Second, the translation from software development to the office will be easier than the translation from manufacturing shop floor to the office. It was the shop floor that gave rise to the traditional scientific management paradigms. It also created the distinction and segregation between blue-collar and white-collar workers. I could imagine the quizzical looks on the faces of office workers when Lean practitioners first approached them about the merits of Lean manufacturing for the office. On the other hand, software developers and office workers share similar trials and tribulations as knowledge workers. They often work shoulder to shoulder. Unlike the shop floor, much of what knowledge workers do is invisible. Anything that software developers do to unhide work would resonate with office workers.
Finally, the perception with Lean is a focus on process and tools. Perhaps this is because Lean assesses the efficacy of its efforts by looking first at Purpose, then Process and lastly People.
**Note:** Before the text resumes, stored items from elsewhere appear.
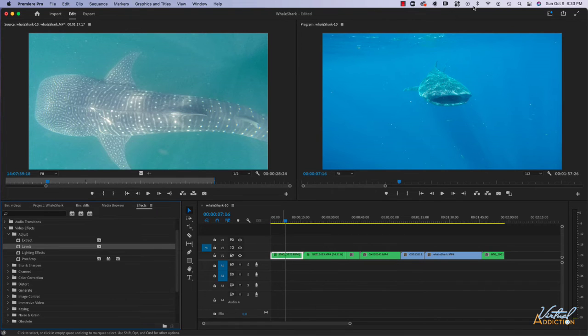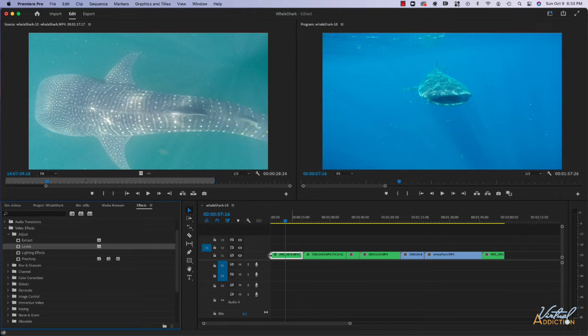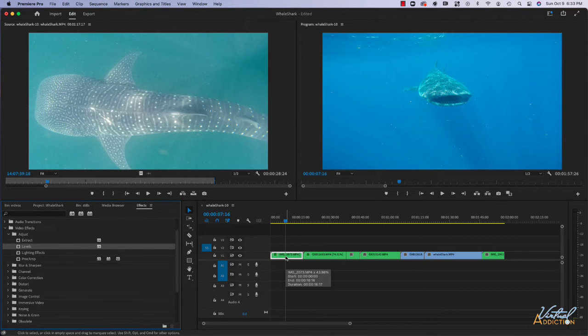You'll notice that nothing really changes in the clip and that's because we've applied the clip but we haven't altered any of the default settings.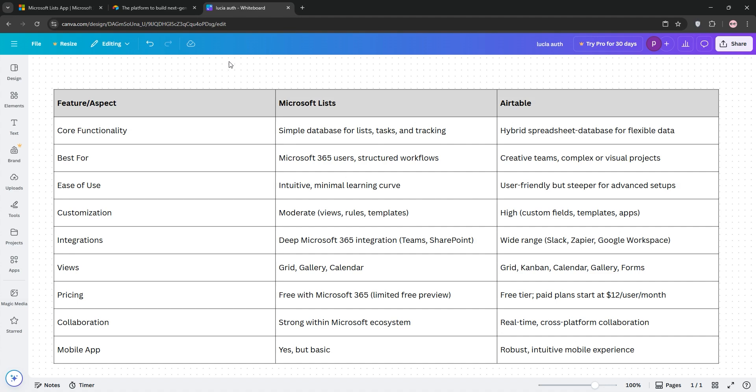So, how do they stack up? Microsoft Lists shines for businesses in the Microsoft 365 ecosystem. It's cost-effective, included in most 365 plans, and great for straightforward list-based tasks.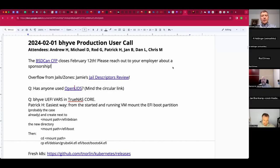Welcome. This is the February 1st Beehive production user call. We have Andrew, Rod, Patrick, Jan, Dan, Chris, and myself so far.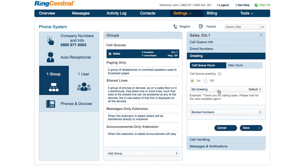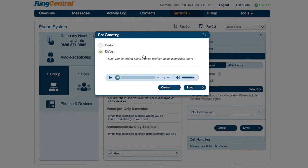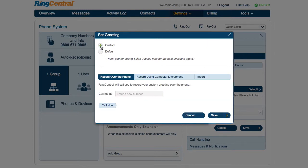Under Greeting, click Set Greeting and click Custom. If you choose to record over the phone, enter your phone number, then simply follow the prompts to record, listen, and save your new custom greeting.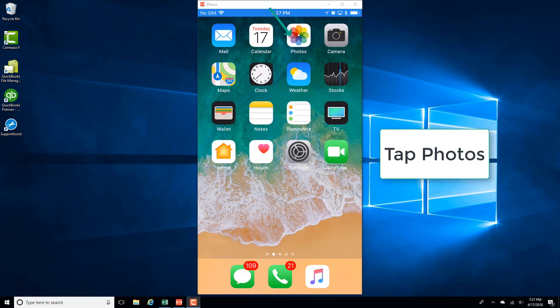In this video, we're going to learn how we can invite people to a shared album using iCloud photo sharing on an iPhone. So in order to do that, tap on the Photos app.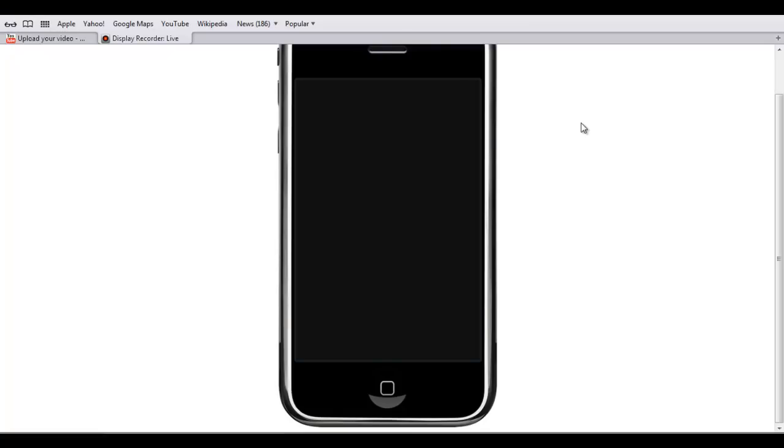Well hello YouTube, this is Apple All Pro and today I will be showing you how to record your screen and broadcast it live on your PC — and record it normally, I meant.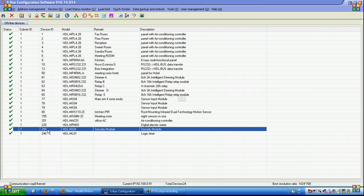We give it address 250 and we double click to make the configuration.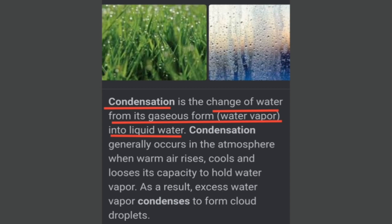What is condensation? It is the change of water from its gaseous form — that is water vapor — into liquid water. Condensation generally occurs in the atmosphere when warm air rises, cools and loses its capacity to hold water vapor. As a result, excess water vapor condenses to form cloud droplets. During winters, we see dew drops or water condensed on the cold windscreen — we experience this.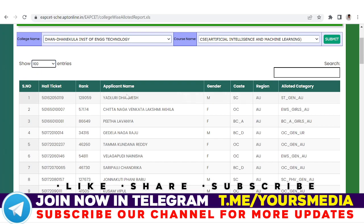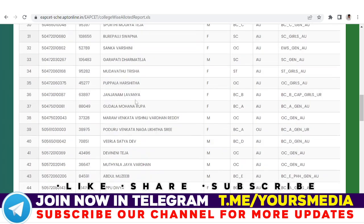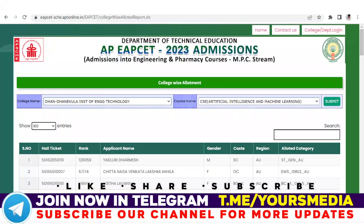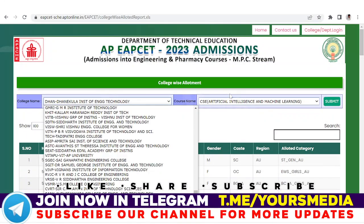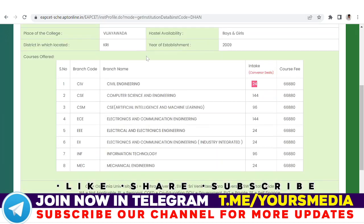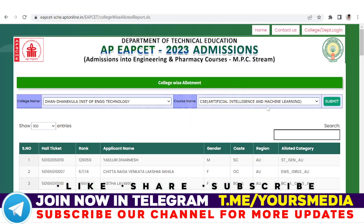96 seats, and 10 seats will be filled — so 95 will be filled and you will have a seat. If you don't have any analysis on this college, we will tell you. ECE has 144 seats.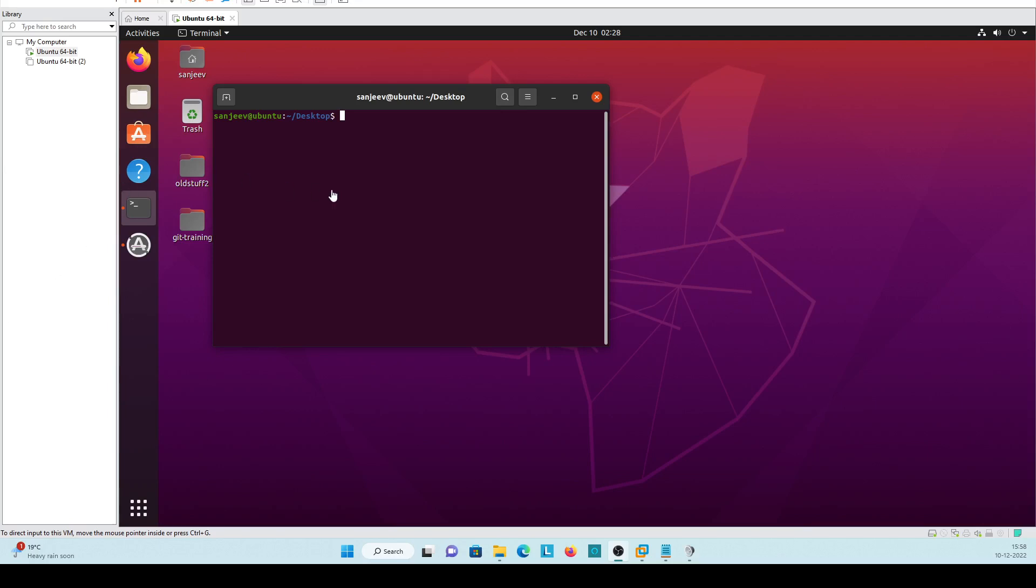Hi guys, today we are going to see how we can initialize any repository as a git repository. We will see the components configured when it is initialized as a git repository.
Agile leads with people-centered values and principles. A focus on People first will unlock more possibilities than we could ever imagine for the Next Enterprise.
This is not meant to infer that Agile is better than Lean – whatever ‘better’ means. The existence of Agile is due in large part to the insights gained from TPS and the efforts of the Lean community to advance their craft. Without Lean, there would be no Agile.
And yet wasteful debates continue in our communities. A colleague of mine told a story of how he asked a Lean practitioner to help train Agile practitioners in the use of specific Lean tools. The Lean practitioner declined fearing that it would create a competitive situation and adversely impact his Lean consulting business. I see some of that behavior from Agile practitioners towards the DevOps community. When it comes to the Next Enterprise, it’s not a zero-sum game. The Next Enterprise will benefit from Agile, Lean, DevOps and anything else that helps deliver business value.
There is so much to learn from each other. We can start by all going on a walk together to the Next Enterprise…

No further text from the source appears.